Pneumococcal isolates not susceptible to penicillins and third-generation cephalosporins have been well described in vitro, and rates between 10% and 40%
have been reported from worldwide surveillance. There is significant geographical variation, with high rates in Spain, France and parts of south-east Asia and the USA.
Furthermore, macrolide resistance is also a problem in some communities. The main mechanism of resistance is via the alteration of penicillin-binding proteins, which can be overcome by achieving adequate local drug levels; i.e. it is a decreased sensitivity rather than an absolute resistance. There is as yet no evidence of clinical treatment failure of infections outside the central nervous system using high-dose penicillin.
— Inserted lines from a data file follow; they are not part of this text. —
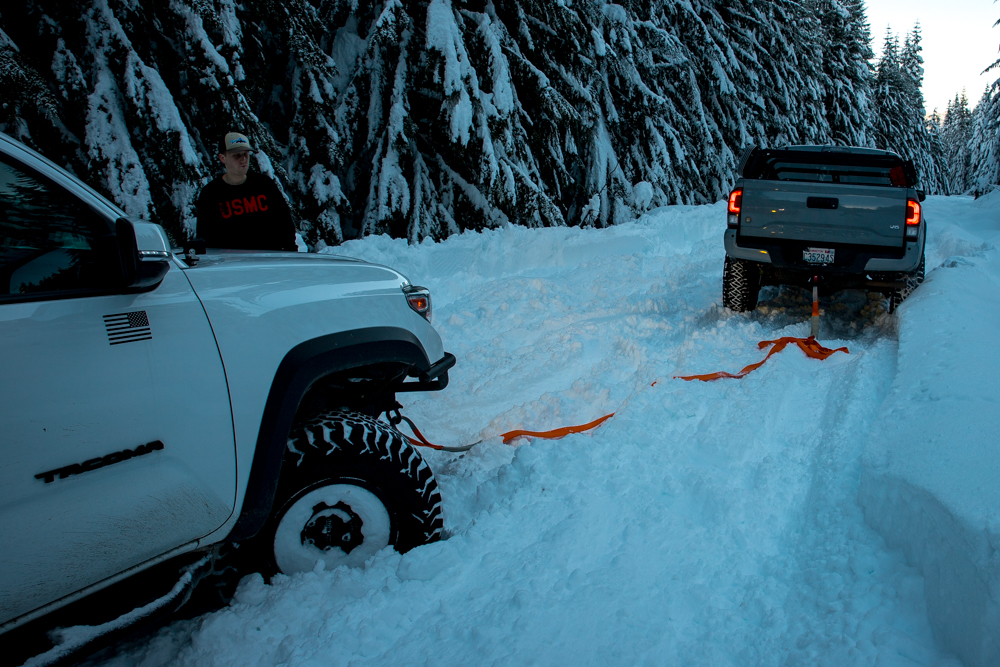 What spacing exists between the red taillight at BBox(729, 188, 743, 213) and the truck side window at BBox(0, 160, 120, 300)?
5.63 meters

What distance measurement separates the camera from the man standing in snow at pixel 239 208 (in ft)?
13.8

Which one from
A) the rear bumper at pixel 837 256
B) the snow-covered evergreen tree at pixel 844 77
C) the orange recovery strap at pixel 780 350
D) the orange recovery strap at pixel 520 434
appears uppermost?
the snow-covered evergreen tree at pixel 844 77

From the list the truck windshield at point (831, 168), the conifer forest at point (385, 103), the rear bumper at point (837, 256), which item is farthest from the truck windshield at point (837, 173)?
the conifer forest at point (385, 103)

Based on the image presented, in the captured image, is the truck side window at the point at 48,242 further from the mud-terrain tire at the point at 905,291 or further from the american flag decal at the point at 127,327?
the mud-terrain tire at the point at 905,291

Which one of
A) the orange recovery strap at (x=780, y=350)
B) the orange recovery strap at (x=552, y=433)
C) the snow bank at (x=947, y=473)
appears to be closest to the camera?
the snow bank at (x=947, y=473)

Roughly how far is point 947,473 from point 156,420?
3035 millimetres

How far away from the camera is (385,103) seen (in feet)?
30.6

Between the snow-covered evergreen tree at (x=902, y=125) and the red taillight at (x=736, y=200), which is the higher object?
the snow-covered evergreen tree at (x=902, y=125)

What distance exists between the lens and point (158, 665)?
201cm

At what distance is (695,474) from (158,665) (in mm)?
2518

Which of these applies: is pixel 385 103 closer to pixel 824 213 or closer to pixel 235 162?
pixel 235 162

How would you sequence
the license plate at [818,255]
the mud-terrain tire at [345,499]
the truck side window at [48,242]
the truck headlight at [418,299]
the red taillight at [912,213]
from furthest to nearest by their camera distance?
the license plate at [818,255] < the red taillight at [912,213] < the truck headlight at [418,299] < the mud-terrain tire at [345,499] < the truck side window at [48,242]

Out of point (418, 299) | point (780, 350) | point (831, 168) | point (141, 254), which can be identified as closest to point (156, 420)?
point (141, 254)

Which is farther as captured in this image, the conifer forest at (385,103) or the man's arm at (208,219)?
the conifer forest at (385,103) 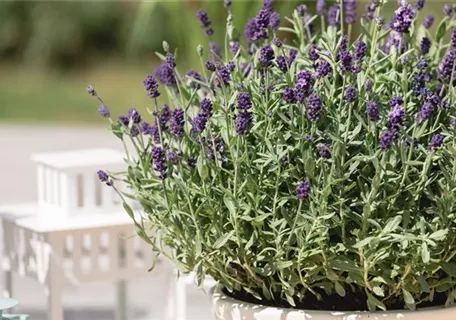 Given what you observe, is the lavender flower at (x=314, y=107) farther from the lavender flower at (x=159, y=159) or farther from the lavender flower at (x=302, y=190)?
the lavender flower at (x=159, y=159)

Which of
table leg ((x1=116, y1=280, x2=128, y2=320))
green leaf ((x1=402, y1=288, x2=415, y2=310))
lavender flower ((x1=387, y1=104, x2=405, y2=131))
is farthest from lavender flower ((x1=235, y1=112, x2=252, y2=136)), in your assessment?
table leg ((x1=116, y1=280, x2=128, y2=320))

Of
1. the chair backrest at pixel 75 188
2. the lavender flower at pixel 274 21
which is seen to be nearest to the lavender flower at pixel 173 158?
the lavender flower at pixel 274 21

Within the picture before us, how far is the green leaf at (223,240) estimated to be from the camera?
5.47 ft

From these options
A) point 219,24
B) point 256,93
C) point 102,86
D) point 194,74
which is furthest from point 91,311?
point 102,86

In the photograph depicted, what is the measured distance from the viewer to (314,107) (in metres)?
1.60

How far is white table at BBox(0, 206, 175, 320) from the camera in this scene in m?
2.41

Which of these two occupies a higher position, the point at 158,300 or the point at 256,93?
the point at 256,93

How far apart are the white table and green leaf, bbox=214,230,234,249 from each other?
72 centimetres

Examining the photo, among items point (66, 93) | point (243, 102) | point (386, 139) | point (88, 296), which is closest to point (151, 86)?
point (243, 102)

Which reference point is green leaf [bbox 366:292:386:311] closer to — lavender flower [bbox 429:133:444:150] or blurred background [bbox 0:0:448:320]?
lavender flower [bbox 429:133:444:150]

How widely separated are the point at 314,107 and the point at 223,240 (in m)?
0.25

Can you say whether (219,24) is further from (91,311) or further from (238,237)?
(238,237)

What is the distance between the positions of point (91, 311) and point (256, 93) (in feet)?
7.20

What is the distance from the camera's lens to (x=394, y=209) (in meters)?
1.65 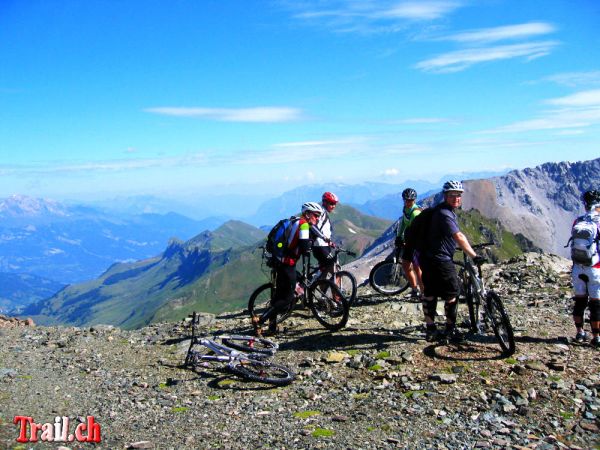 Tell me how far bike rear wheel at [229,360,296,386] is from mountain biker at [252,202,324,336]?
2.50 m

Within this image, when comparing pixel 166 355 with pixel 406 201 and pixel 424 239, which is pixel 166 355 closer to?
pixel 424 239

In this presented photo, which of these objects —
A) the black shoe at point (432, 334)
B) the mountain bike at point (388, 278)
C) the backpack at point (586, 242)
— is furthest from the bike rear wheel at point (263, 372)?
the mountain bike at point (388, 278)

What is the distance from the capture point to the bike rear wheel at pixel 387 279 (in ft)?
58.1

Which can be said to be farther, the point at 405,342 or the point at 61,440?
the point at 405,342

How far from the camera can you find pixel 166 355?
1260 cm

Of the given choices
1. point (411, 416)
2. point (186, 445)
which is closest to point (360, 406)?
point (411, 416)

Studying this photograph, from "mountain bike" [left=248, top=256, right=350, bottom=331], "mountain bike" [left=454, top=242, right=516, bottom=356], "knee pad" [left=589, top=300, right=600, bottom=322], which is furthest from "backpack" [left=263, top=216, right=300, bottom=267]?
"knee pad" [left=589, top=300, right=600, bottom=322]

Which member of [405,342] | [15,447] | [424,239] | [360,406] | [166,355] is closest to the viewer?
[15,447]

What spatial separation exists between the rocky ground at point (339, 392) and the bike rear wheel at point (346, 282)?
3.48ft

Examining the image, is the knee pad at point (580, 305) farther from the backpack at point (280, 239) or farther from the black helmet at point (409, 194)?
the backpack at point (280, 239)

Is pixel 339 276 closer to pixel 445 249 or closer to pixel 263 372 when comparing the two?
pixel 445 249

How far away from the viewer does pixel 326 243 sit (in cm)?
1427

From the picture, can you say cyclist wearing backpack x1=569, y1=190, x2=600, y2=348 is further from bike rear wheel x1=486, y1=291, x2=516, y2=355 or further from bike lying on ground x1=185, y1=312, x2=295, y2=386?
bike lying on ground x1=185, y1=312, x2=295, y2=386

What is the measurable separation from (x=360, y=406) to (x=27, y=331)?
43.7 feet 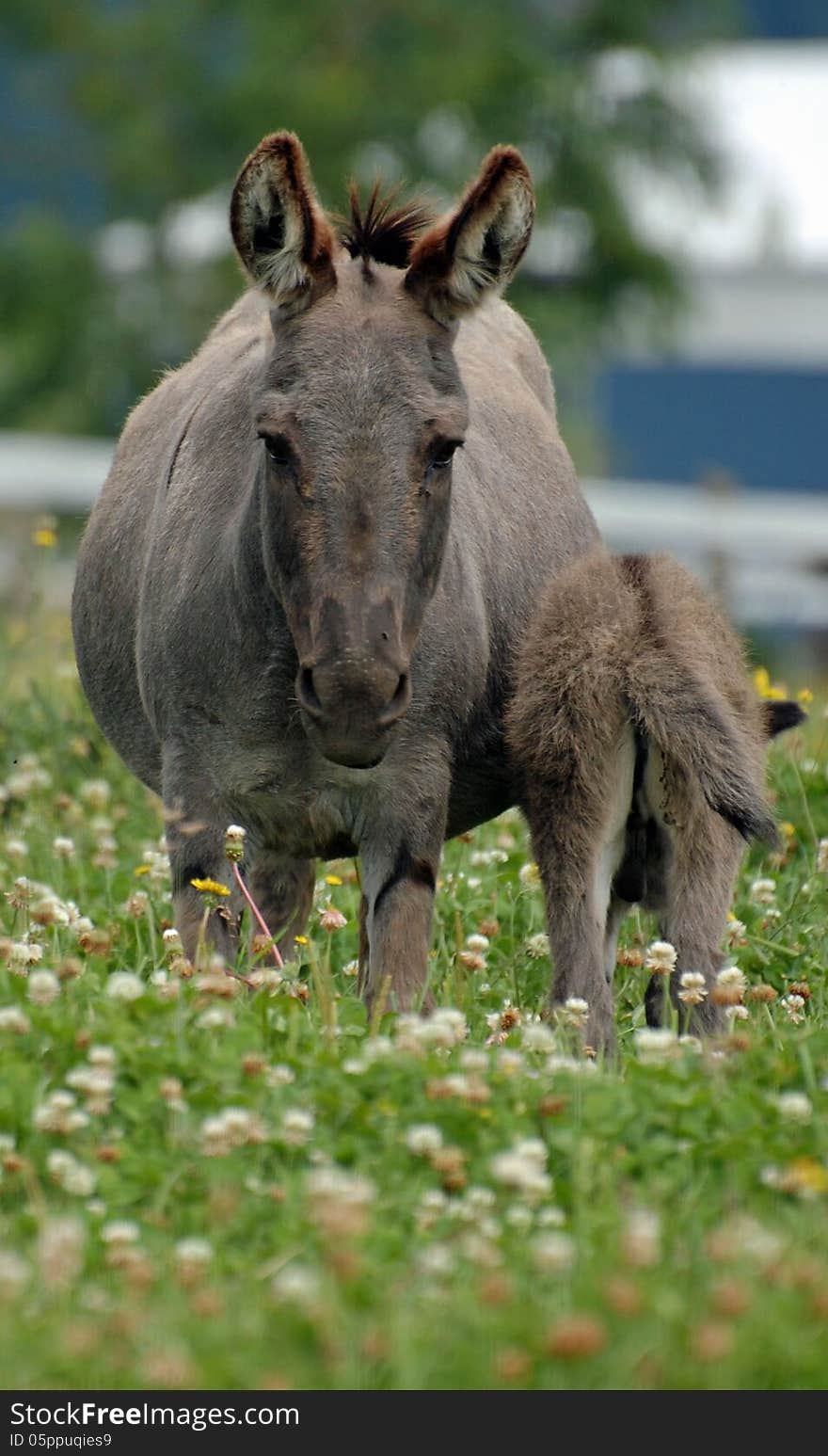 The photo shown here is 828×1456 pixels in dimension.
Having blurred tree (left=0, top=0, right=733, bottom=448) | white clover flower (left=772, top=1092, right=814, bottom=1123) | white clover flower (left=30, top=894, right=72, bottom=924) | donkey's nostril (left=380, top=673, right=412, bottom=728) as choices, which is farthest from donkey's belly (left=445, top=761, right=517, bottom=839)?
blurred tree (left=0, top=0, right=733, bottom=448)

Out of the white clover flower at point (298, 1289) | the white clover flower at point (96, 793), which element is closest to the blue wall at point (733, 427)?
the white clover flower at point (96, 793)

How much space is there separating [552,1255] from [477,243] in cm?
295

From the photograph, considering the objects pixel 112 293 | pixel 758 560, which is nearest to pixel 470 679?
pixel 758 560

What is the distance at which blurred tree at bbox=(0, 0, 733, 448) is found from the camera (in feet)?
74.0

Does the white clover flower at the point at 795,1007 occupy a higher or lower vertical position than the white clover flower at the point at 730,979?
lower

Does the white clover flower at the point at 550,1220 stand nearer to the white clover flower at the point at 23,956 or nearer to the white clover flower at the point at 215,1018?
the white clover flower at the point at 215,1018

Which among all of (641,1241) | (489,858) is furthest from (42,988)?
(489,858)

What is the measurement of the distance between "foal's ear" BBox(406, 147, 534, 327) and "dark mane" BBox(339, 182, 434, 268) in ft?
1.01

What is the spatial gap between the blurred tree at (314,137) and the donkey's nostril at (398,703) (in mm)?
17314

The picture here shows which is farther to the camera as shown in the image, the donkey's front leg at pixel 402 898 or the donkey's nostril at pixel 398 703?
the donkey's front leg at pixel 402 898

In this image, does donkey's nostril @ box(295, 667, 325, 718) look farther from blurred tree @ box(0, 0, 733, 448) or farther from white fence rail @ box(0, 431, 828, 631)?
blurred tree @ box(0, 0, 733, 448)

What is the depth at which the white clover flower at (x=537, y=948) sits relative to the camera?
21.8ft

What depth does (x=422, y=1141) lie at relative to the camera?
429cm

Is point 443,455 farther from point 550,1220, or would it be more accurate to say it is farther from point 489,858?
point 489,858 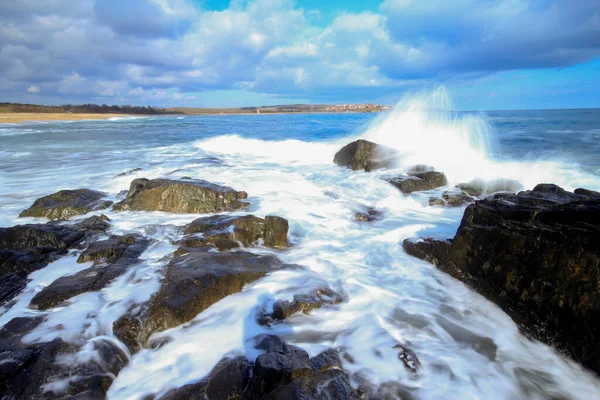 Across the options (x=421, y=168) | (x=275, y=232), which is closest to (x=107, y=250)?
(x=275, y=232)

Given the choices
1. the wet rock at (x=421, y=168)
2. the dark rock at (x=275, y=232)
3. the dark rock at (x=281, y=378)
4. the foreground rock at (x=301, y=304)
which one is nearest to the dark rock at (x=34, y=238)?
the dark rock at (x=275, y=232)

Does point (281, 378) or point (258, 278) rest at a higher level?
point (281, 378)

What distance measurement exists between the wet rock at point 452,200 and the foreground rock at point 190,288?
4573 mm

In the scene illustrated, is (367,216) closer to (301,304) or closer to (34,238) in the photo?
(301,304)

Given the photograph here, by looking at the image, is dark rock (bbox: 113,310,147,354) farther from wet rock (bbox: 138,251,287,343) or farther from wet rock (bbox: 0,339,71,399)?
wet rock (bbox: 0,339,71,399)

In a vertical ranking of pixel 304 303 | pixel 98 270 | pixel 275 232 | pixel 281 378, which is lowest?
pixel 304 303

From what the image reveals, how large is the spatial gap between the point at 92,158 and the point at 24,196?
26.0ft

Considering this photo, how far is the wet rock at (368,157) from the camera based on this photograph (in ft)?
35.8

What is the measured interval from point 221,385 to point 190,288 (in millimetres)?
1449

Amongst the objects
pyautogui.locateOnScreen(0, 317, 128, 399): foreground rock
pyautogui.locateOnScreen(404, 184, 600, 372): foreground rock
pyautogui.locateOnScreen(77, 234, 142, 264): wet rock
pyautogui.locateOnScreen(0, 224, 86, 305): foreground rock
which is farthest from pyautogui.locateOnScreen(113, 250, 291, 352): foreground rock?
pyautogui.locateOnScreen(404, 184, 600, 372): foreground rock

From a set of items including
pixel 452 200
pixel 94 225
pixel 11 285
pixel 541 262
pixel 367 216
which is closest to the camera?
pixel 541 262

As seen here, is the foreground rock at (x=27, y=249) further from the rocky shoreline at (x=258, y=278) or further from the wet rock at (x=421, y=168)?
the wet rock at (x=421, y=168)

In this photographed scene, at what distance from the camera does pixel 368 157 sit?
11.1 m

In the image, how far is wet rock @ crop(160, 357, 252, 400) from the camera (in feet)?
7.55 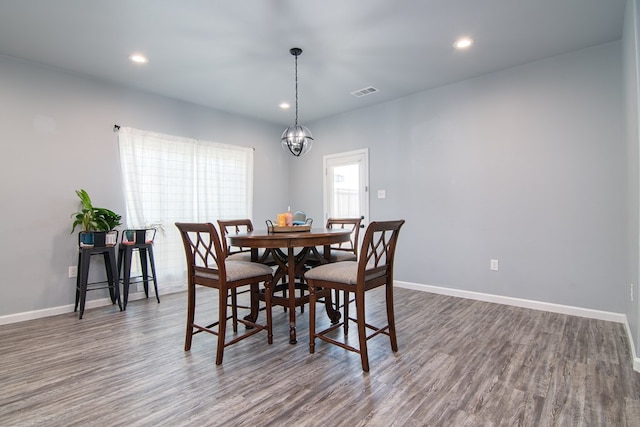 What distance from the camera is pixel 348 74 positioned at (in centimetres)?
360

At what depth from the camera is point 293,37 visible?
2812mm

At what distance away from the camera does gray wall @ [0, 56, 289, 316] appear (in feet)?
10.2

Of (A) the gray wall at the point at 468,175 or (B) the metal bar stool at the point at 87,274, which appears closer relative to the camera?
(A) the gray wall at the point at 468,175

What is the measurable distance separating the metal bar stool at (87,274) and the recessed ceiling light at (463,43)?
3.95 meters

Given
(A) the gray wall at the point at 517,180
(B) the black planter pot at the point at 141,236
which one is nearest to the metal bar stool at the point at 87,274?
(B) the black planter pot at the point at 141,236

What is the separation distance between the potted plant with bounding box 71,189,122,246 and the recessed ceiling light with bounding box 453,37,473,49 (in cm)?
386

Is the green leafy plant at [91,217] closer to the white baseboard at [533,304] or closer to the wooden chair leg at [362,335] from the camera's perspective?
the wooden chair leg at [362,335]

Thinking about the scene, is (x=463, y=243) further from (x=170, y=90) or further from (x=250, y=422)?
(x=170, y=90)

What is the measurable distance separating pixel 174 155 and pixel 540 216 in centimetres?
439

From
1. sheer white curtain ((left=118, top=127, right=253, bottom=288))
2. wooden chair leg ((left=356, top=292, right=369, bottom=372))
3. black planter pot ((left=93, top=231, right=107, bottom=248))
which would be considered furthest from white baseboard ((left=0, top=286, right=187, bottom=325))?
wooden chair leg ((left=356, top=292, right=369, bottom=372))

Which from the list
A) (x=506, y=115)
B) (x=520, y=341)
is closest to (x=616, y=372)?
(x=520, y=341)

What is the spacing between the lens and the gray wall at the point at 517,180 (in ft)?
9.77

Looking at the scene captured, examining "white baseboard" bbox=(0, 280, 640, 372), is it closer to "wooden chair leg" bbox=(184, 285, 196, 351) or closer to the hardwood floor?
the hardwood floor

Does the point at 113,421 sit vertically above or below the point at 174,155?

Since most pneumococci remain sensitive to high-dose penicillin-based antibacterials amoxicillin or penicillin remains the antibiotic of choice in pneumococcal pneumonia.
The emergence and spread of resistance to commonly used antibiotics has challenged the management of CAP. Multiple sets of CAP guidelines have been published to address the continued changes in this complex disease. Severely ill children are traditionally treated with parenteral antibacterials. It has been shown that penicillin resistant pneumococci were not associated with more severe disease. It has been shown that penicillin resistance is not a factor in outcome from invasive S. pneumoniae community-acquired pneumonia.
Pneumococcal macrolide resistance is mediated via alteration of the 50S ribosomal binding site, thereby preventing binding and the subsequent inhibition of bacterial protein synthesis. A second mechanism is via the presence of efflux pumps for the antibiotic. It is often associated with penicillin non-susceptibility. Rates of usage and resistance of the newer macrolides have substantially increased over recent times and vary by geographical region. There are reports of treatment failure of pneumococcal disease using macrolides alone; thus, this approach is not recommended.
If parenteral therapy is required and pneumococcus is the likely pathogen, benzylpenicillin or an aminopenicillin can be used. Broader-spectrum agents have no additional benefit. For the severely unwell, toxic child with or without effusions, where rarer pathogens are a possibility, or in the rare scenario of high pneumococcal penicillin resistance (mean inhibitory concentration >2 mg/l), therapy should include a third-generation cephalosporin (e.g. ceftriaxone) with a macrolide if atypical agents are potential pathogens, or a penicillinase-resistant beta-lactam (e.g. oxacillin) or vancomycin if Staphylococcus aureus or MRSA infection is likely. However, treating all children with CAM with these antibiotics may change the micrflora of pneumonia
causing bacteria and increase the rate of infections with other less common and more resistant microorganisms.